L’amministratore di società a responsabilità limitata è responsabile in relazione ad ogni accadimento che investa il valore dell’attivo non rinvenuto dal fallimento e pertanto ha l’obbligo giuridico di fornire la dimostrazione della destinazione dei beni presenti nel patrimonio, con la conseguenza che dalla mancata dimostrazione può essere legittimamente desunta la prova della loro distrazione od occultamento.

Giacché l’art. 2476, co. 8 c.c. postula un legame di solidarietà passiva tra amministratore e socio, il socio non amministratore, responsabile della decisione o dell’autorizzazione a compiere un determinato atto dannoso, può esser chiamato a rispondere per danni cagionati alla società o a terzi soltanto se sia configurabile anche una responsabilità dell’amministratore.

Azione di responsabilità ex art. 2394 c.c.

Il termine di prescrizione quinquiennale dell’azione dei creditori sociali ex art. 2394 c.c. decorre dal momento in cui i creditori avevano la possibilità di avere contezza che la società aveva un patrimonio insufficiente al loro soddisfacimento. Sussiste una presunzione iuris tantum di coincidenza tra il dies a quo di decorrenza della prescrizione e la dichiarazione di fallimento (richiama Cass. 24715 del 2015; 28617 del 2019).

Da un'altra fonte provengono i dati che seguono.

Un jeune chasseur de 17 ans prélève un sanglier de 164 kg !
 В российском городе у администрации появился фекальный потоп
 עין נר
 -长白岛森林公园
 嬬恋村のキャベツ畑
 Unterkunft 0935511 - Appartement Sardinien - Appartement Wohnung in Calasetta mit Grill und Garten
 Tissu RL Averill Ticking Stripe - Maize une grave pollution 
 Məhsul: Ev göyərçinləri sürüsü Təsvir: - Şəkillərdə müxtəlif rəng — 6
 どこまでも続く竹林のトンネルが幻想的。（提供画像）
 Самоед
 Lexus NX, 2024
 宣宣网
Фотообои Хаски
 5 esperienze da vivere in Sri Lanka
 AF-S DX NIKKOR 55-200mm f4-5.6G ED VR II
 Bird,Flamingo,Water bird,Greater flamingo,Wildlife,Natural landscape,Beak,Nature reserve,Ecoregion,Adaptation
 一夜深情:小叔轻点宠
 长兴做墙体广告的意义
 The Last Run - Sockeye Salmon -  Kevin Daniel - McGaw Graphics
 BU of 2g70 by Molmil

L’amministratore che non provvede alla tempestiva collocazione in mobilità dei lavoratori invocando quale scriminante la mancanza dei fondi necessari non fa che confermare una situazione di illiquidità che avrebbe richiesto il tempestivo accesso alle procedure concorsuali, onde limitare l’ammontare dei debiti retributivi e previdenziali (nel caso di specie, in caso di fallimento la società avrebbe potuto usufruire dell’esonero totale dal pagamento del cd. contributo d’ingresso).